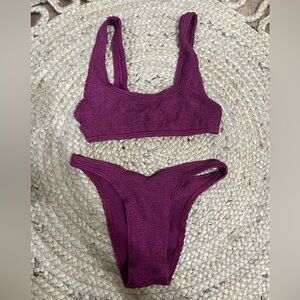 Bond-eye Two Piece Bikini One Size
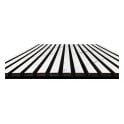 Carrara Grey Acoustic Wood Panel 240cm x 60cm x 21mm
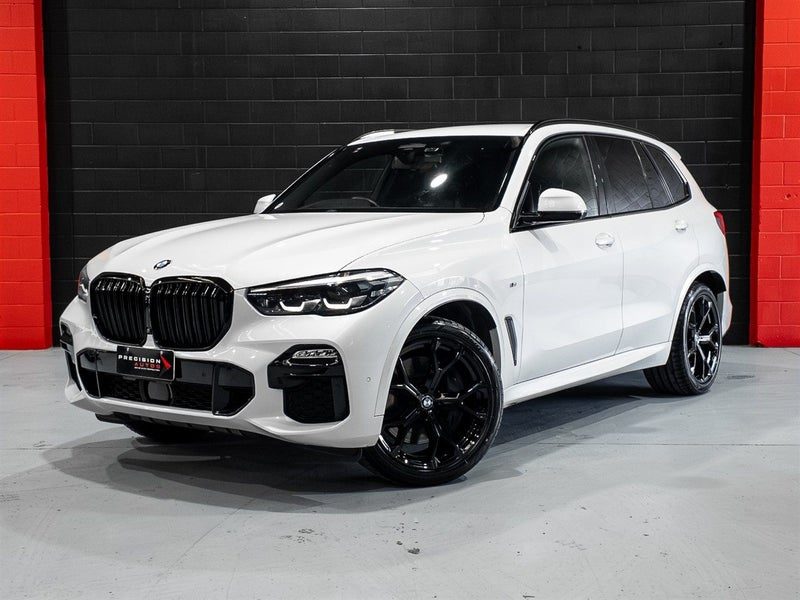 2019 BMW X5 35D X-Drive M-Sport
════════════════
#### Work instructions
None of the pictures should be reproduced; all other material above must be set down exactly.

#### Answer to this exercise
 Bond-eye Two Piece Bikini One Size
 Carrara Grey Acoustic Wood Panel 240cm x 60cm x 21mm
 2019 BMW X5 35D X-Drive M-Sport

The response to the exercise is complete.